# Is a backyard pool a good idea?



## GwinnCG11 (Aug 26, 2022)

I'm considering building a pool in my backyard close to my barn. The location of my pool is just a few metres from the barn. Is it wise to construct the pool next to the barn or should I construct it far away from the barn and animals?


----------



## Ridgetop (Aug 26, 2022)

Do not construct it next to the barn.  The amount of dust the animals raise and the bits of hay etc. that will blow into the pool will be a nightmare.  We had a pool and loved it but anywhere in dusty areas (barn areas) it will get dirty quickly.  Having to do a daily cleaning before you swim is a real mood killer.

Choose another spot that is relatively close to the house so you can watch the pool while kids are in it, even if they are xlt swimmers since even/especially teens can do dumb stunts in a pool.  Ours thought diving into the pool from an overhanging deck would be smart.
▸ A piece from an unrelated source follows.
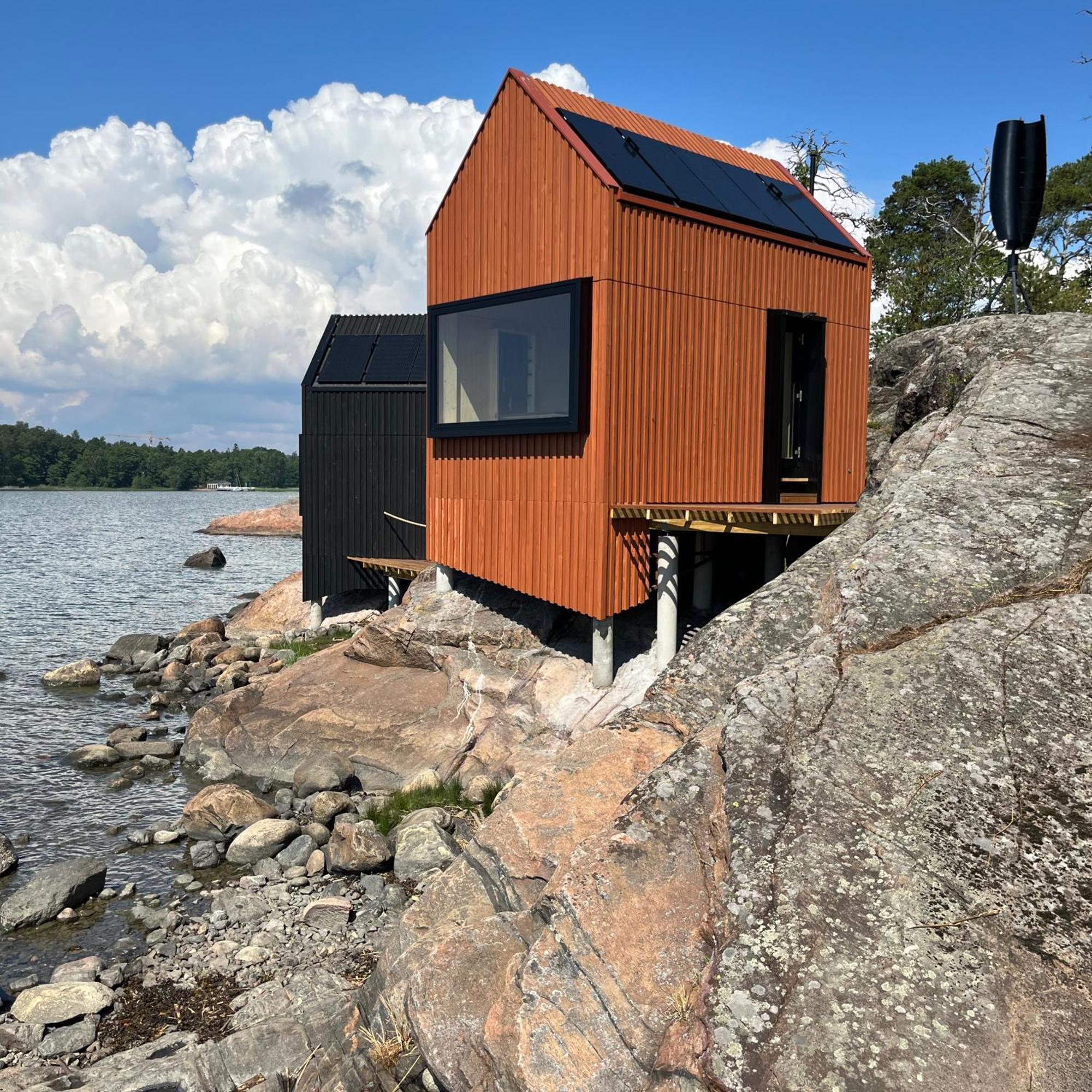 Majamaja Helsinki Off-Grid Retreat Guest House Eksteriør bilde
You want it near the deck or patio nice since the view at night with the pool light on is relaxing for you and your guests.  You also want it close enough to the house to be able to bring out drinks (plastic containers) without feeling like you are trekking through the wilderness with supplies.
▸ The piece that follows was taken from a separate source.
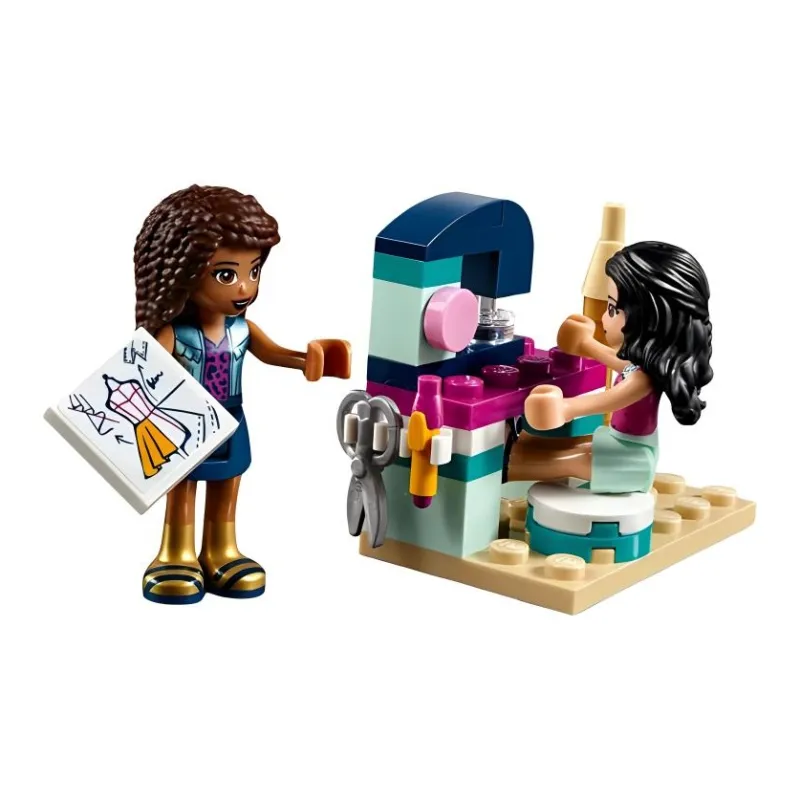 LEGO Good Friend Collection Building Blocks-4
Be sure to fence it in case small children wander over and fall in, or animals get out.  A pool is considered an "attractive nuisance".  Plant shrubs around the fencing o the 3 sides not facing your house/patio to make a windbreak (if you have strong breezes) and a dirt/dust break.  Shrubbery will also be attractive and give some privacy.  As long as you plant the shrubs at least 6-8 feet away their leaves will not dirty the pool.  

Since our family loves to swim, we are also considering putting in a pool in our new place.  After fencing, a carport, a tractor, a well storage tank, etc.  LOL


----------



## GwinnCG11 (Sep 20, 2022)

thank you for the info, i think its better to build the pool away from the barn.


----------



## GwinnCG11 (Sep 20, 2022)

thank you for the info, i think its better to build the pool away from the barn.


----------